Objectifs de l’action fixés par les aspirations naturelles de l’homme et non un choix. Approche matérialiste qui voit dans la morale une systématisation des élans naturels spontanés donc irréfléchis et sentis comme adéquat à l’existence concrète.

Code de soumission

Construction idéologique qui soumet des hommes à d’autres en aliénant aussi bien leur corps que leur pensée.

Mystification (+/- bienveillante).

Construction idéologique manifestement malhonnête qui cache ses intentions de soumettre une partie des individus formant la communauté.

A) Explication de la problématique :

Les usages langagiers le disent : « Se conduire », « se tenir » ≠ « se laisser aller », « suivre ses penchants »

Être origine, début de l’action. Faire quelque chose de nouveau. La natalité dit H. Arendt est une promesse de nouveau.

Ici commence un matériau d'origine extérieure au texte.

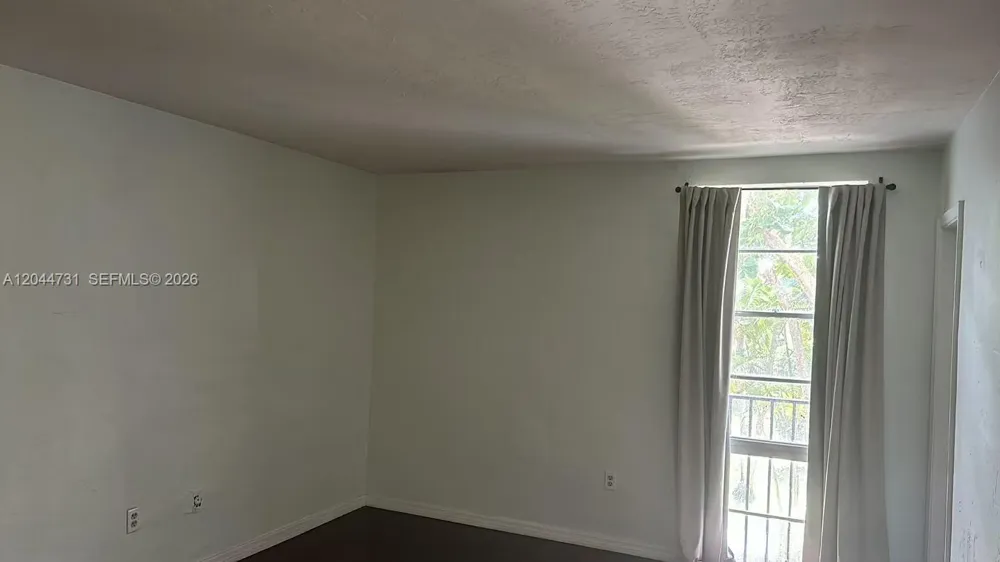 6900 Kendall Dr #A205 Pinecrest, FL 33156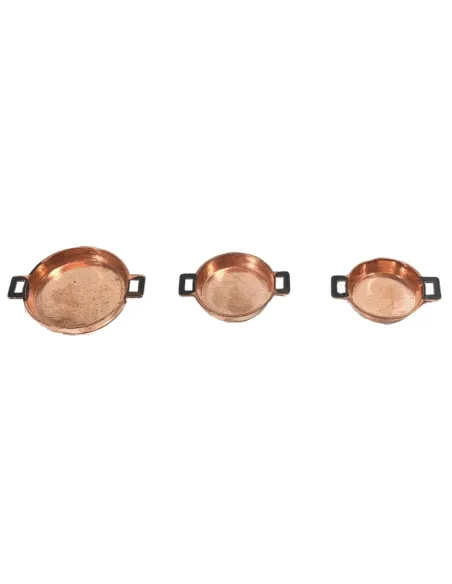 Set of 3 Copper-Effect Metal Pans for 30 cm Nativity Figures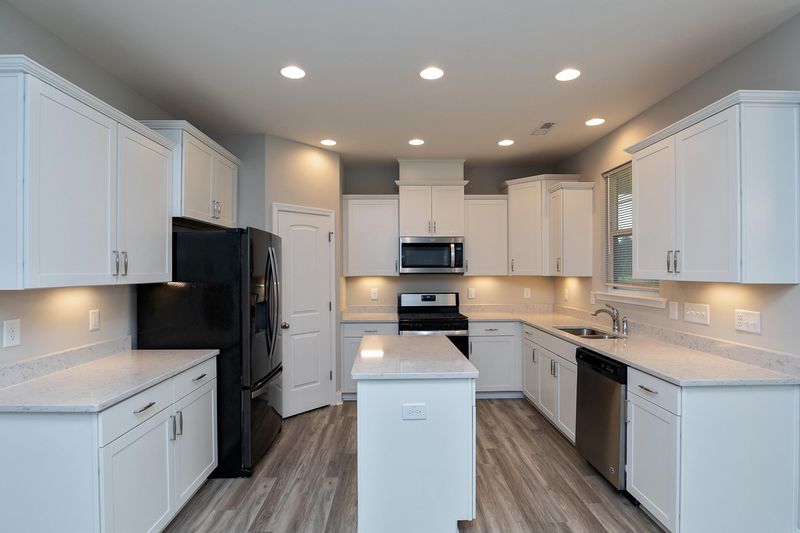 40 Shining Amber Way, Franklinton, NC 27525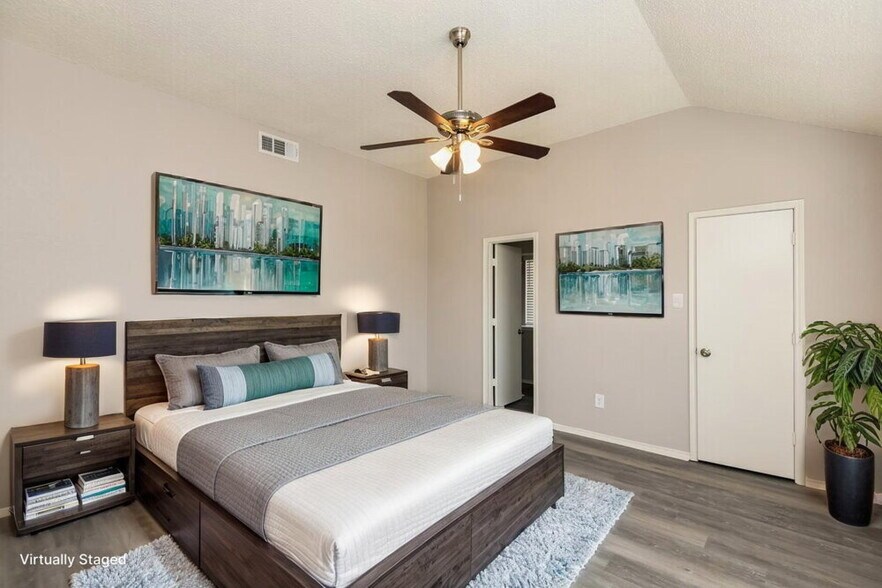 Building Photo - 8221 Cloverglen Ln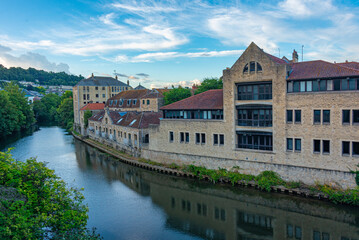Obraz premium Sunset view of riverside of Avon in Bath, England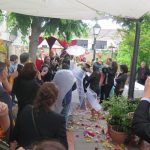 LA MUJER QUE SE CASÓ CONSIGO MISMA.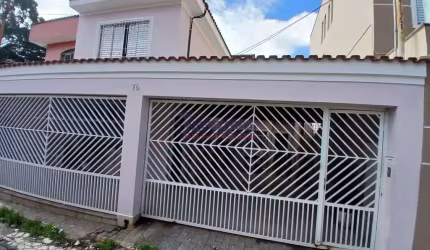 Sobrado na Vila Medeiros com 02 dorms, sala de estar, cozinha, 02 wcs, 03 vagas,  ótima localização.
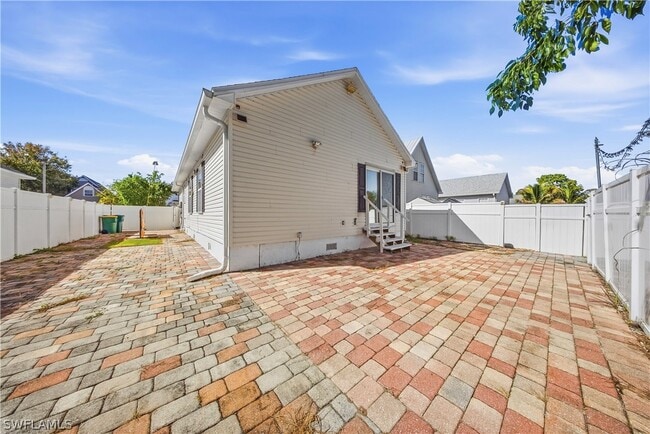 Building Photo - 286 Leawood Cir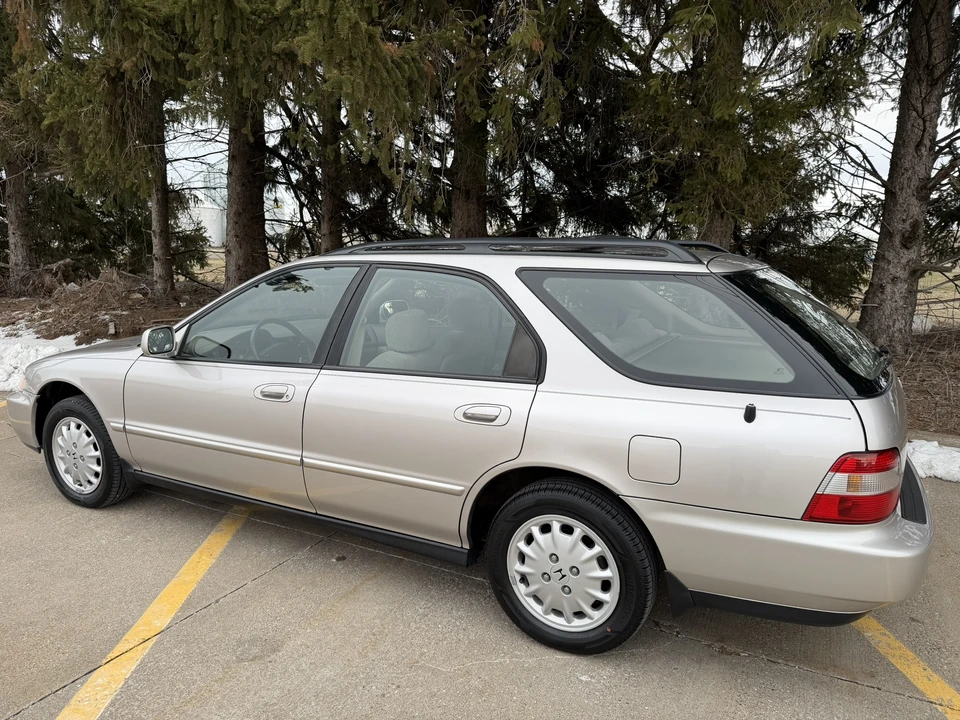 1996 Honda Accord 5th Gen - Image 8 of 31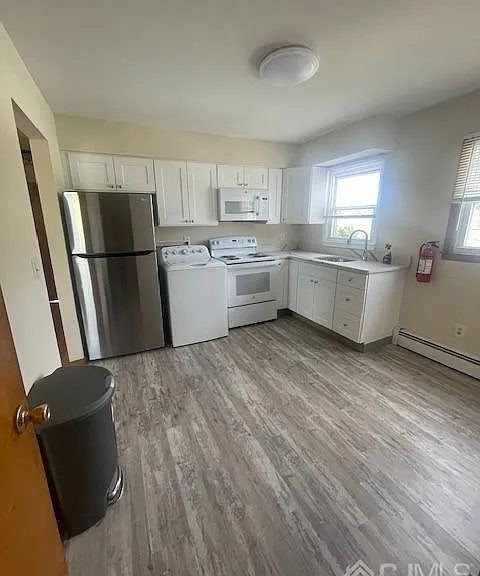 1160 Roosevelt Ave — Photo 3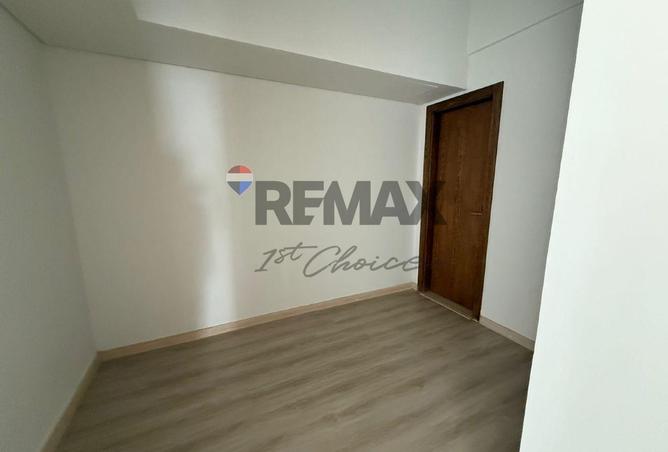 8083160 - Property Image 2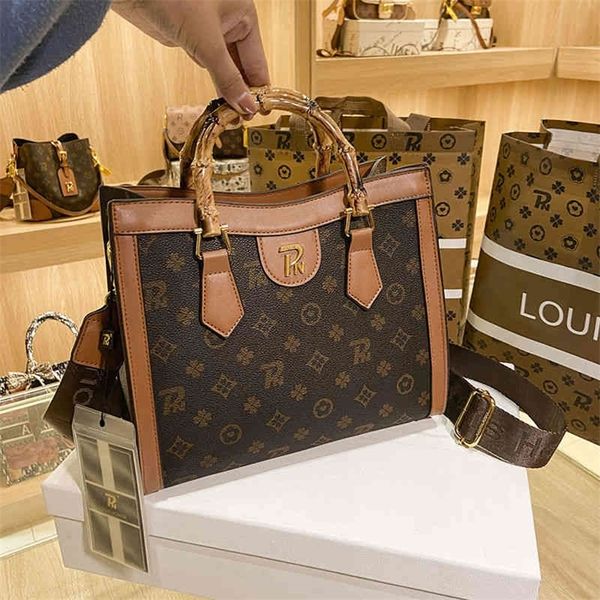 high texture light women's versatile single bamboo tote messenger clearance outlet sale
high texture light women's versatile single bamboo tote messenger clearance outlet sale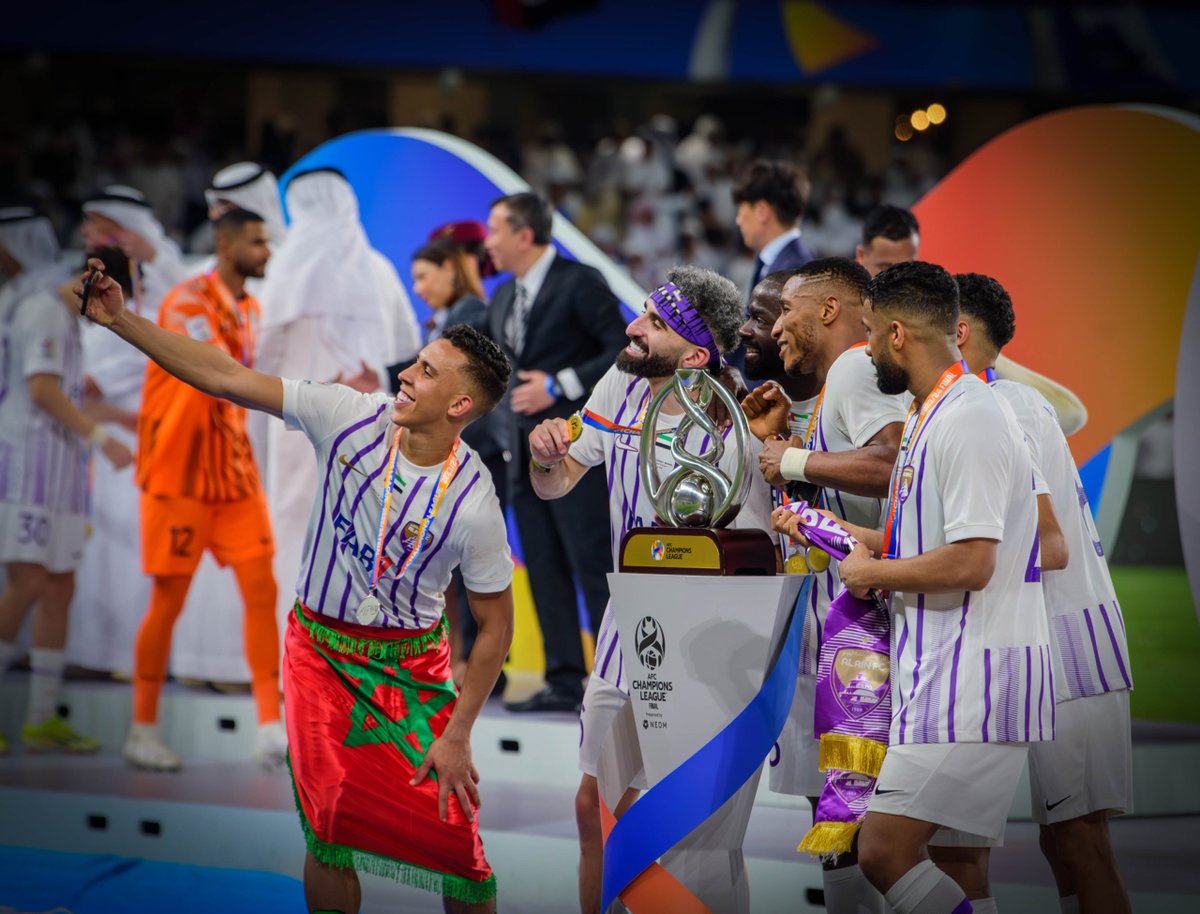 alainfcae's tweet photo. الزعيم بطل آسيا 🏆 
الزعيم سيد آسيا ⭐️⭐️ 

#نادي_العين https://t.co/6y2ZqzINHa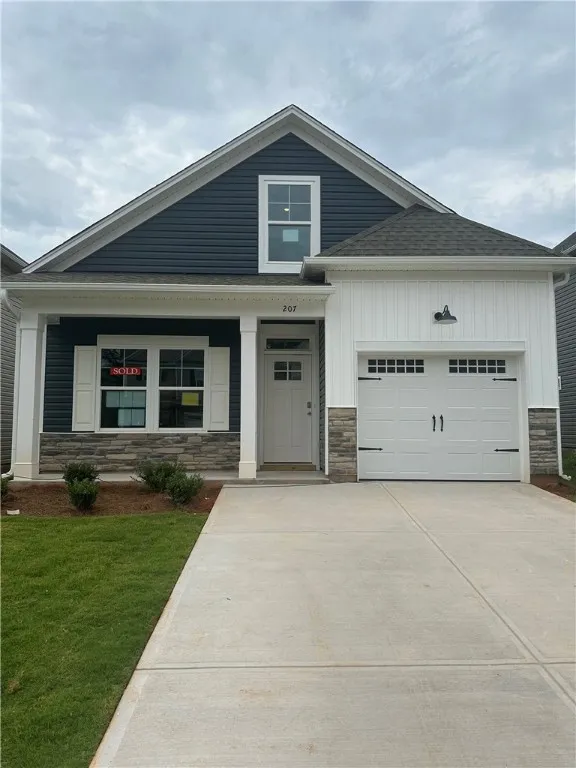 207 Brown Circle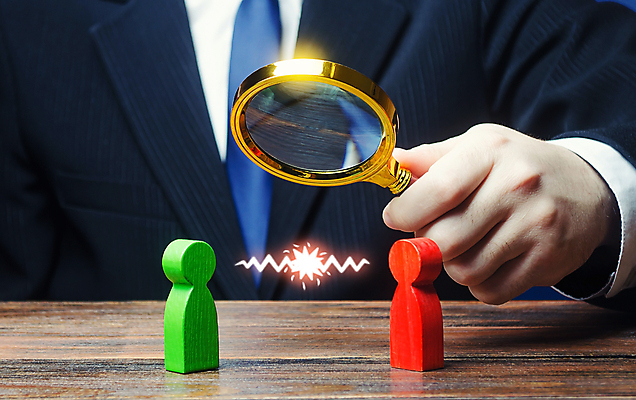 포토 JPG 해외이미지 손 남자 돋보기 실내 한명 상반신 성인 앞모습 경쟁 관찰 말_게임 비즈니스맨 성인남자한명만 해외포토 1 뷰포인트 컨셉 비즈니스 모션 사람 내부 신체부위 직장인 남자한명만 성인남자만 파일형식 이미지허브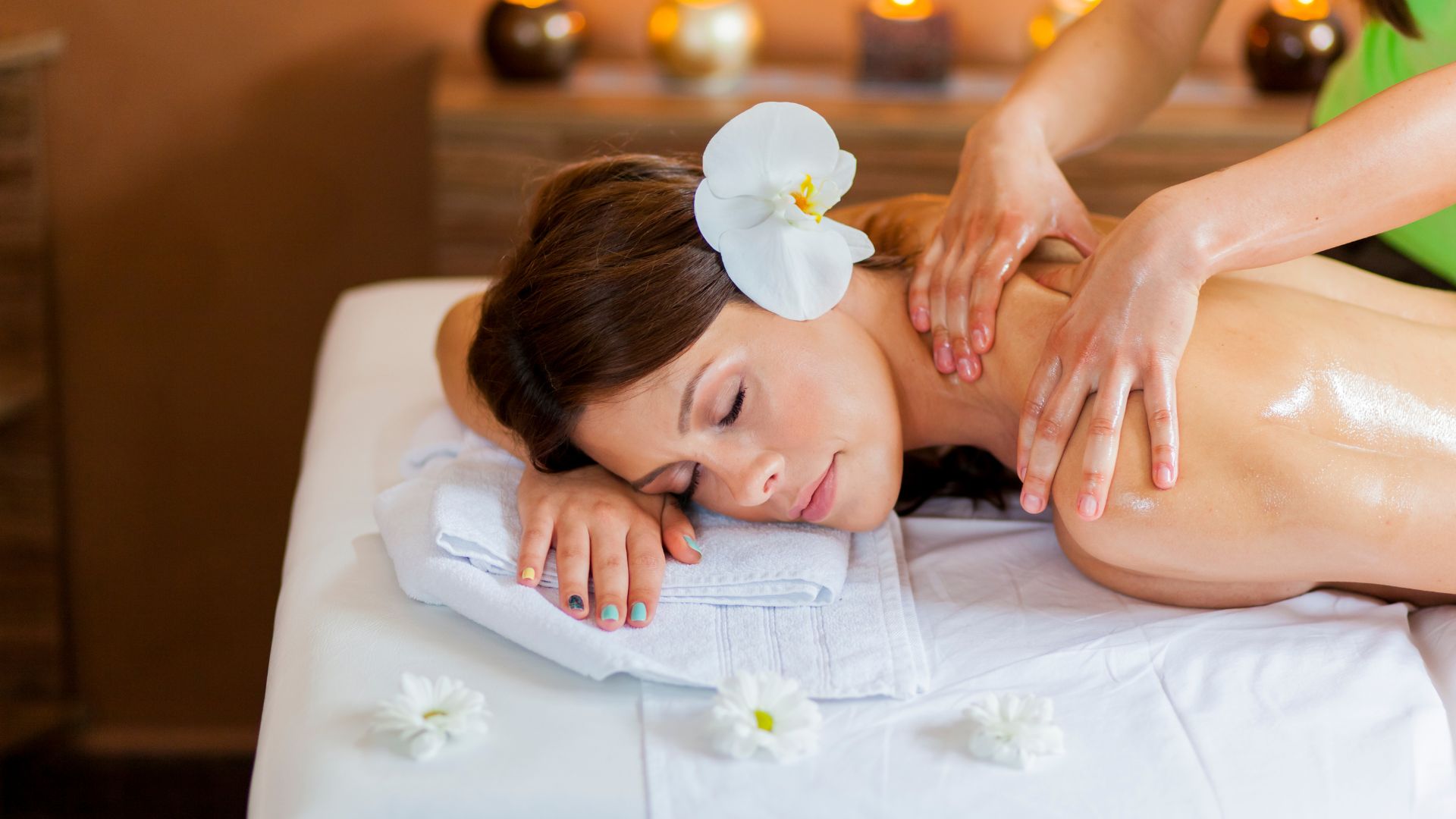 Balinese massage dengan teknik tradisional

Pour pouvoir affirmer que la morale existe, il est nécessaire de démontrer que nous sommes ou pouvons devenir auteur de notre action. Détenir la force d’initiative, à partir de soi, se faire cause de son action, voilà ce qui est parfois appeler autorité ou liberté. Lagent veut se faire acteur, auteur de son action : l’origine, c’est-à-dire le point de départ et le sens. Ne pas subir, ne pas être l’instrument d’une activité vide de sens (comme l’activité naturelle) ou maîtrisée par d’autres (comme l’action aliénée). L’action morale est d’abord l’action revendiquée par un auteur.

L’action naturelle n’a pas de sens ; elle n’a pas de valeur morale. Les hommes peuvent-ils faire cette différence : action naturelle/action sensée et donc moralement évaluable ?

L’action aliénante n’a pas de valeur : elle n’intègre pas la volonté de l’acteur, elle le transforme en instrument.

Devenir auteur suppose de récupérer sa force d’agir personnelle au nom de quelque chose assumé personnellement.

Donc, on peut faire les différences suivantes : action naturelle/action technique/action professionnelle/action politique.

Types d’action

Caractérisation

Exemples

Auteurs

Action naturelle

Sentie comme indispensable pour vivre en bonne santé.

Créer les conditions d’une bonne température.

Pas d’auteur : nécessité naturelle qui s’impose par le biais de la sensibilité humaine.

Action technique

Requise pour atteindre une réelle efficacité.

Regonfler les pneus de son vélo pour qu’il puisse rouler.

Tout individu rationnel soumis à des règles matérielles et techniques.

Action professionnelle

Inscrite dans une coopération utile pour atteindre une efficacité collective, ou répondre à des attentes sociales.

Produire des biens consommables par la population.

Tout individu social faisant partie du collectif de travail.

Action politique.

Démarche collective qui vise à réaliser le sens commun de la justice telle qu’elle inspire les lois effectives de ce pays.

Définir un autre mode de répartition des richesses par l’impôt.

Tout citoyen déterminé à agir par les institutions de sa communauté politique.

Action morale ?

Initiative visant à donner du sens et de la valeur à l’existence humaine.

Être généreux envers autrui, être attentif à sa fragilité.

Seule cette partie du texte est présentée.